Skip to content

Annotation Tutorial

Lee Dong Ho edited this page Jul 27, 2019 · 28 revisions

Create annotator accounts

After the Installation, we can start both the annotation server and the model server. Make sure you can open the link of the annotation server, say it is 127.0.0.1:8080 and you can visit "http://0.0.0.0:8080/login". Note that the link "http://0.0.0.0:8080/" will redirect to our homepage.

First, the administrator should log in the user management system (http://127.0.0.1:8080/admin/) with the admin account name and password (you created this before when you installed the framework).

Then, the admin can add accounts for annotators (with only the permission to annotate sentences) following the guide on the page.

Set up a new project

Create Project

The admin then can go to the project management system (http://127.0.0.1:8080/projects/) to create a new project to host the annotation over a corpus.

Upload Datasets

The admin needs to convert the dataset into CSV or JSON format. Then upload it to the server.

import json
with open('dataset.txt', 'a') as dataset_file:
    for I, sent in enumerate(sentences):
        data = {}
        data['text'] = sent
        data['external_id'] = I
        json.dump(data, dataset_file)
        dataset_file.write('\n')

Define labels

When you first create the project, you need to pre-define the labels first for the online learning. Online learning needs mappings of words and labels to feature indices at the initial stage

Annotate the sentences with the intelligent recommendations

There are two sections (Annotation, Recommendation section).
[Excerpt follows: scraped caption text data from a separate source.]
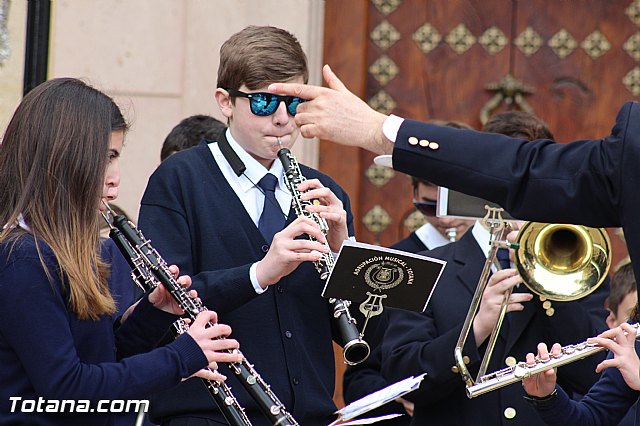Da de la Msica Nazarena - Semana Santa Totana 2015 - 459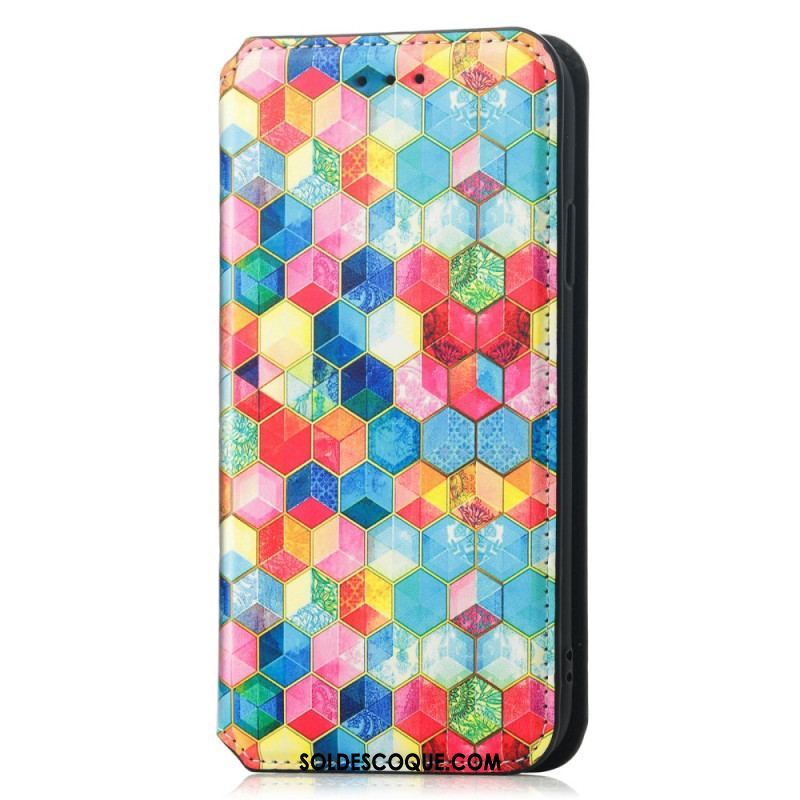 Flip Cover Samsung Galaxy A54 5G RFID Caseneo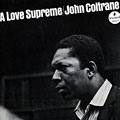 A love supreme, John Coltrane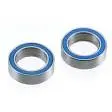 Ball Bearings, Blue Rubber Sealed(8X12x3.5Mm)(2) 1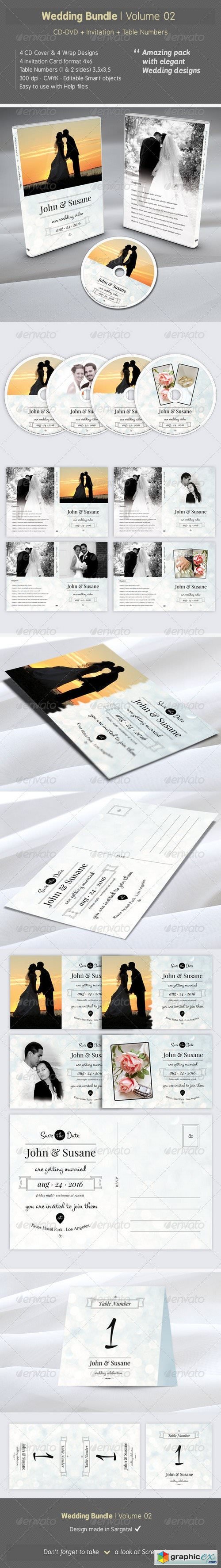 Wedding Bundle - Volume 02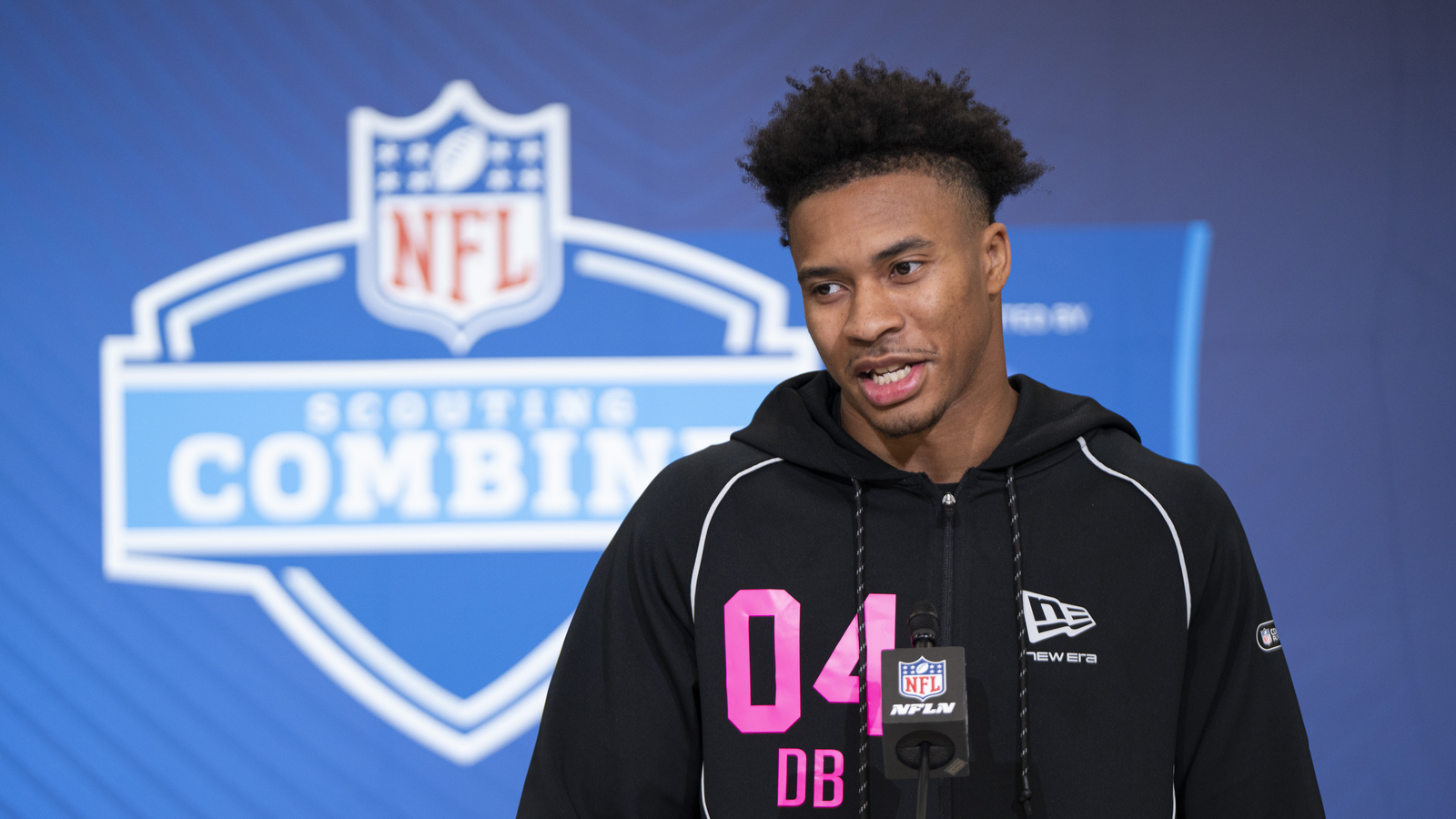 Packers select cornerback Brandon Cisse with 52nd overall pick in the 2nd round.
  1. You can directly annotate in the upper section by simply selecting the spans
  2. To use the recommendation in the lower section, click the suggested span which is underlined. suggested type is bounded with red line. to confirm the annotation, click a suggested type or press a shortcut key.

Settings

You can optionally enable the embeddings, recommendation options, active learning methods and set the batch size, epoch and acquire size.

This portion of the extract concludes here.